> TASK INSTRUCTIONS:
Could you show all lines in the entries below that contain the string "dark"?

> PROVIDED DATA:
[Start of Attachment]

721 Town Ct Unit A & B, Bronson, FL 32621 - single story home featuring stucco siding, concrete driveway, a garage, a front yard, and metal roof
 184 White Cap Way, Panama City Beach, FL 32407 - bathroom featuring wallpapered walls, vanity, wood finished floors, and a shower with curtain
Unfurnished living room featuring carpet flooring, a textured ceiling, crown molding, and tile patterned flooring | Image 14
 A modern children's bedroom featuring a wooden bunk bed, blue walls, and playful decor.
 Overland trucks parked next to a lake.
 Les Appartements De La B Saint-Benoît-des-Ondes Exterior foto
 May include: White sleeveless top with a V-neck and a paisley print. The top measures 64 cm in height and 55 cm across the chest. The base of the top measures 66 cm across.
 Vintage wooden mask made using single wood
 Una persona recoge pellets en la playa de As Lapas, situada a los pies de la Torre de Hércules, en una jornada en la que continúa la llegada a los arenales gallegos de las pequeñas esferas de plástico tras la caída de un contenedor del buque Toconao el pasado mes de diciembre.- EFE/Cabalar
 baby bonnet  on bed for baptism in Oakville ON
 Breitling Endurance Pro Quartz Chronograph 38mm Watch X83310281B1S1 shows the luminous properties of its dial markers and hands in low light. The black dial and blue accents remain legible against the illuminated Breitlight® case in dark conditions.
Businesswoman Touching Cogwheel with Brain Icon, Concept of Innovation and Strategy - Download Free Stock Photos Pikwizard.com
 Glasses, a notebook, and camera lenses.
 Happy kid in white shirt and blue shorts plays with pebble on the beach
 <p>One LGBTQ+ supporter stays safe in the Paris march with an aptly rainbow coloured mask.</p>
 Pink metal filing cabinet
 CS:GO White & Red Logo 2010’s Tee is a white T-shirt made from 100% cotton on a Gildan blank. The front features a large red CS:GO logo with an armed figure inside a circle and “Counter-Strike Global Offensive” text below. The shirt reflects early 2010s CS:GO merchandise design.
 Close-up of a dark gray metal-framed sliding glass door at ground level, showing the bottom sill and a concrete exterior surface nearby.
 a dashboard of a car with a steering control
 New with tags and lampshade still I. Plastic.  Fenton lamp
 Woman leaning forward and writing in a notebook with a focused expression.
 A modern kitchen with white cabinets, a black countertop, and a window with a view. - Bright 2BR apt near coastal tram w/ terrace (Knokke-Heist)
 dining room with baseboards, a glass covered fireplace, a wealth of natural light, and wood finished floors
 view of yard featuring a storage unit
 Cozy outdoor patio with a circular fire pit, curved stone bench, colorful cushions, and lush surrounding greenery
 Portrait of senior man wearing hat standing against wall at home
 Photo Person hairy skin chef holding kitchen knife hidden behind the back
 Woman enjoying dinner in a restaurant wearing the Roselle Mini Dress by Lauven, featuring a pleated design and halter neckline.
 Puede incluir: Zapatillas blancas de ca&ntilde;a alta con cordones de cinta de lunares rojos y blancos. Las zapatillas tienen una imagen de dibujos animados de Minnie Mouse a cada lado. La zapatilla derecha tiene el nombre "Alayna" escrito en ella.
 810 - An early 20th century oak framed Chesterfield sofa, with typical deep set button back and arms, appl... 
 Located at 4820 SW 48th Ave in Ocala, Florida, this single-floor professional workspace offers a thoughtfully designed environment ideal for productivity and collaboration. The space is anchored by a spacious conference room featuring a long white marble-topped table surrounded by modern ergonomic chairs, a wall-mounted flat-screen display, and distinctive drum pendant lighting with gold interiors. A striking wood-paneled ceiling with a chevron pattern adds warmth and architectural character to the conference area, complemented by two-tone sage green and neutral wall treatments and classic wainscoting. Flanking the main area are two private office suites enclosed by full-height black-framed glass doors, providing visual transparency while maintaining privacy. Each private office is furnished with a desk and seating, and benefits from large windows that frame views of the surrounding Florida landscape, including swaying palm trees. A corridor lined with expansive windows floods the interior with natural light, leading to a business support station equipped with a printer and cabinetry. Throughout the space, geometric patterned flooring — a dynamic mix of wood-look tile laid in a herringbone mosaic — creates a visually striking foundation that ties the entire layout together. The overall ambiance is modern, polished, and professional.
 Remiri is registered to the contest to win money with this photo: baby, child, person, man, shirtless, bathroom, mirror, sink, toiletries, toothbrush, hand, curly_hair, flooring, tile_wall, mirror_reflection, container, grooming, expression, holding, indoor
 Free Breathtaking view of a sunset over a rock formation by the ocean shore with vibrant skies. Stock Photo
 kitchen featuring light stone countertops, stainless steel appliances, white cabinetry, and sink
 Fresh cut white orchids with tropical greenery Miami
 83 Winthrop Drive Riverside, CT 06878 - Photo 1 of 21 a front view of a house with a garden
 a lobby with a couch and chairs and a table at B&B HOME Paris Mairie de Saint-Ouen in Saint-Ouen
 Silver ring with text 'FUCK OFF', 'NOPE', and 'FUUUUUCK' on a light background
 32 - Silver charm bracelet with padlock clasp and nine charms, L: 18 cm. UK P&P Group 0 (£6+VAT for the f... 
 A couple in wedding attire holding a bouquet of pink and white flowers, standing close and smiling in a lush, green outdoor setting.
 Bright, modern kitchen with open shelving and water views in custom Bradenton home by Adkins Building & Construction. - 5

[End of Attachment]

> ANSWER SECTION:
 Breitling Endurance Pro Quartz Chronograph 38mm Watch X83310281B1S1 shows the luminous properties of its dial markers and hands in low light. The black dial and blue accents remain legible against the illuminated Breitlight® case in dark conditions.
 Close-up of a dark gray metal-framed sliding glass door at ground level, showing the bottom sill and a concrete exterior surface nearby.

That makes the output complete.